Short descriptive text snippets
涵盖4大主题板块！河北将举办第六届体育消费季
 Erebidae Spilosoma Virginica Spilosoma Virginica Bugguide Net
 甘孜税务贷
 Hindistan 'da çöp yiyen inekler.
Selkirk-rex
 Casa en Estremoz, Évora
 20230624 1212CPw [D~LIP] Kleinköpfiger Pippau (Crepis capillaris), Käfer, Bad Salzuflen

__Prompt__
Every word of the data above should be given again, exactly as it stands.

__Finished task__
涵盖4大主题板块！河北将举办第六届体育消费季
 Erebidae Spilosoma Virginica Spilosoma Virginica Bugguide Net
 甘孜税务贷
 Hindistan 'da çöp yiyen inekler.
Selkirk-rex
 Casa en Estremoz, Évora
 20230624 1212CPw [D~LIP] Kleinköpfiger Pippau (Crepis capillaris), Käfer, Bad Salzuflen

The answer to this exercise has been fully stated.